Les résultats implantaires rapportés sont élevés, avec une fourchette de survie de 88,6 % à 100 % selon le Journal of the Canadian Dental Association, mais une sinusite active ou chronique impose une évaluation médicale préalable, et les implants courts constituent une alternative documentée selon l'EAO. La bonne démarche est d'objectiver le volume d'os disponible par une imagerie en trois dimensions, puis de choisir la solution la plus adaptée à la situation, en pesant bénéfices, limites et contre-indications.
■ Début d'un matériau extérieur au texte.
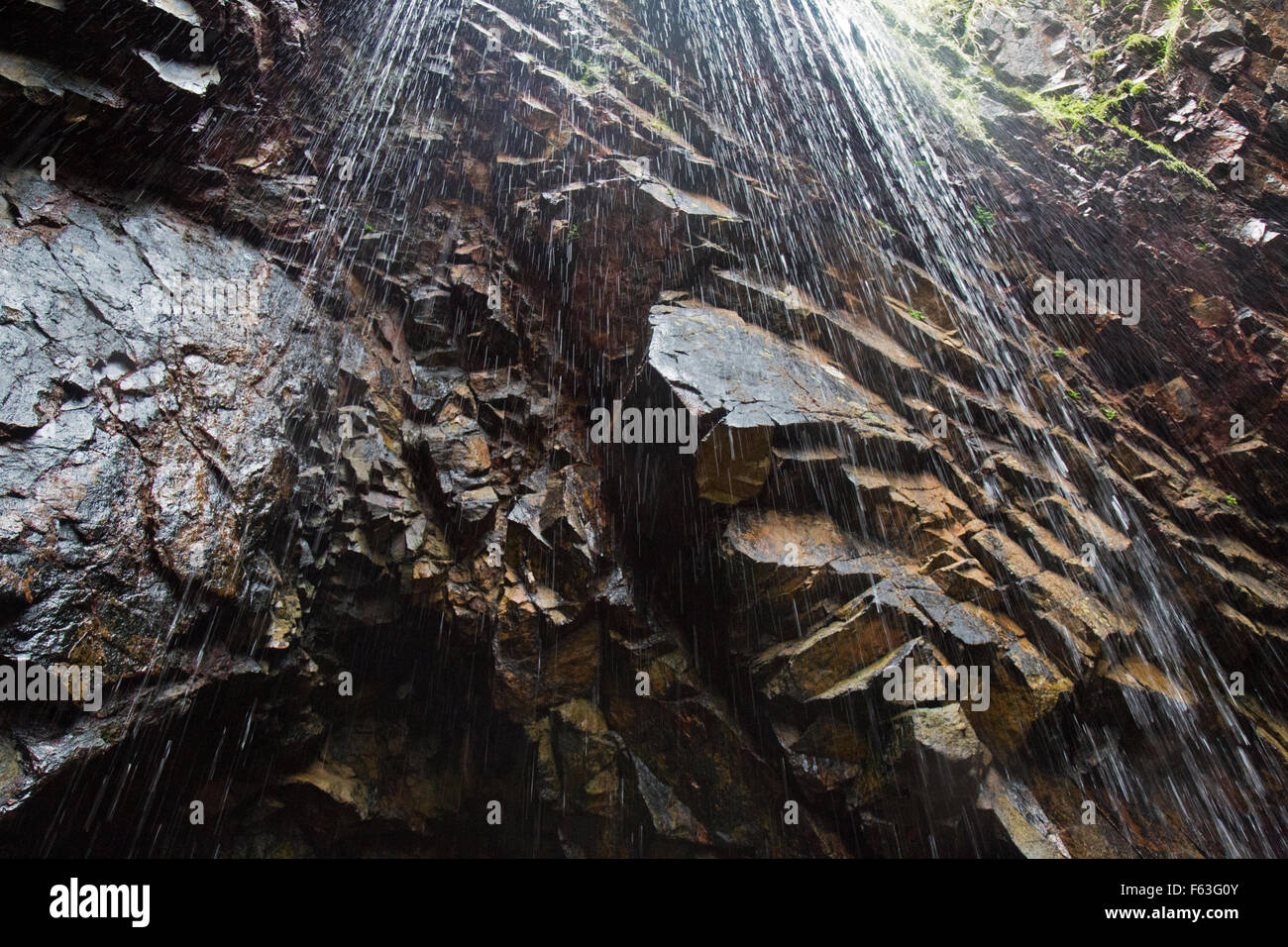 Jusqu'à vers le haut d'une petite cascade dans entre les roches sur Plemont Bay, sur l'île anglo-normande de Jersey. Banque D'Images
Discussion clinique autour d'une imagerie dentaire.
Acte dentaire réalisé avec champ clinique maîtrisé.

Questions fréquentes

Le comblement de sinus est-il douloureux ?
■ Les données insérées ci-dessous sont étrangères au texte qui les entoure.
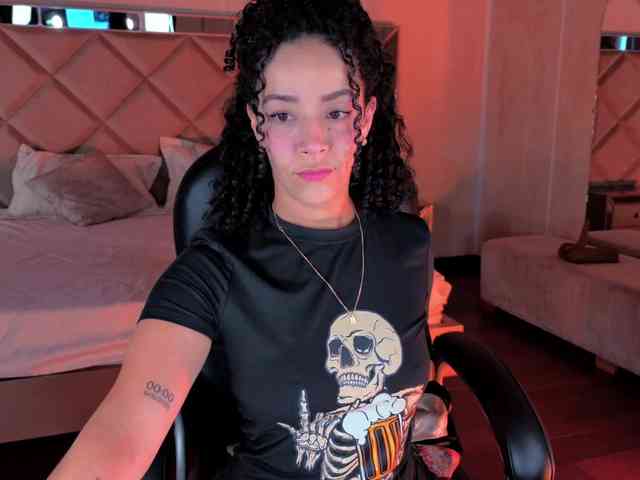 AlessaRomero webcam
L'intervention se déroule sous anesthésie locale et n'est donc pas ressentie pendant le geste. Les suites les plus fréquentes sont un gonflement, des ecchymoses et une gêne modérée pendant quelques jours, décrites comme habituelles par le CHU de Lyon. La piézochirurgie, qui découpe l'os de façon sélective, est associée selon Le Fil Dentaire à moins de douleur et d'œdème postopératoires que l'instrument rotatif. Aucune intervention chirurgicale ne peut toutefois être qualifiée d'indolore ou de sans risque.
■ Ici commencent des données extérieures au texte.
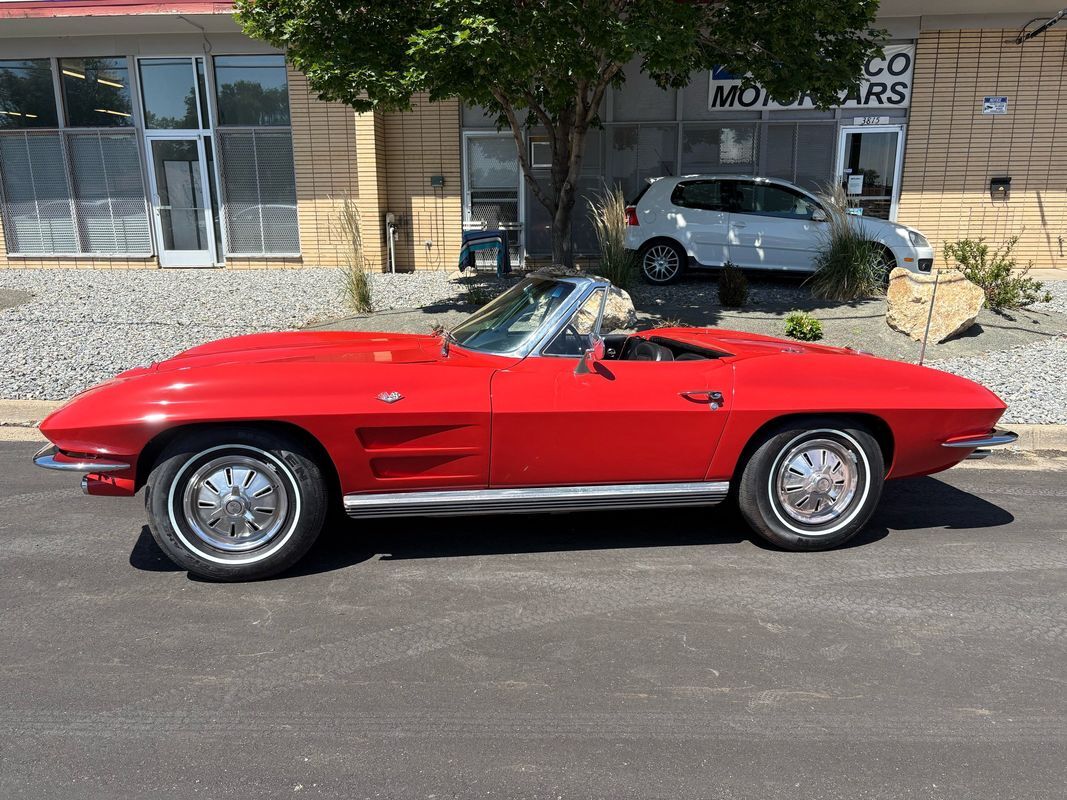Chevrolet-Corvette-1964-21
Quelle hauteur d'os faut-il pour éviter un sinus lift ?
Il n'existe pas de seuil universel. La Foundation for Oral Rehabilitation considère qu'une hauteur d'os résiduel inférieure à 4 à 6 mm dans le secteur postérieur du maxillaire constitue une indication d'augmentation sous-sinusienne. Au-dessus, un comblement peut être inutile ou réalisé par voie crestale, moins invasive. Seul un examen avec imagerie en trois dimensions, comme un Cone Beam, permet de mesurer précisément cette hauteur.
Peut-on poser l'implant en même temps que le comblement ?
Parfois. Selon la Foundation for Oral Rehabilitation, la pose simultanée suppose un os résiduel suffisant pour stabiliser l'implant, de l'ordre d'au moins 4 mm. En deçà, on procède en deux temps : le greffon cicatrise d'abord, puis l'implant est posé. Le CHU de Lyon décrit ce délai de cicatrisation autour de six mois lorsque la pose est différée.
Une sinusite empêche-t-elle un comblement de sinus ?
Une sinusite aiguë ou chronique est une contre-indication relative. Le Journal of the Canadian Dental Association recommande d'orienter le patient vers une évaluation et un traitement médical, souvent ORL, avant toute augmentation sinusienne. Il ne s'agit pas d'un obstacle définitif, mais d'un problème à traiter au préalable pour limiter le risque d'infection du greffon.
Existe-t-il une alternative au comblement de sinus ?
Oui, dans certaines situations. La conférence de consensus de l'EAO 2015 indique que les implants courts peuvent représenter une alternative aux implants longs associés à un sinus lift dans le maxillaire postérieur atrophié, avec une survie comparable et moins de complications biologiques. Le choix dépend du volume osseux, de l'occlusion et de l'état général ; il se discute au cas par cas.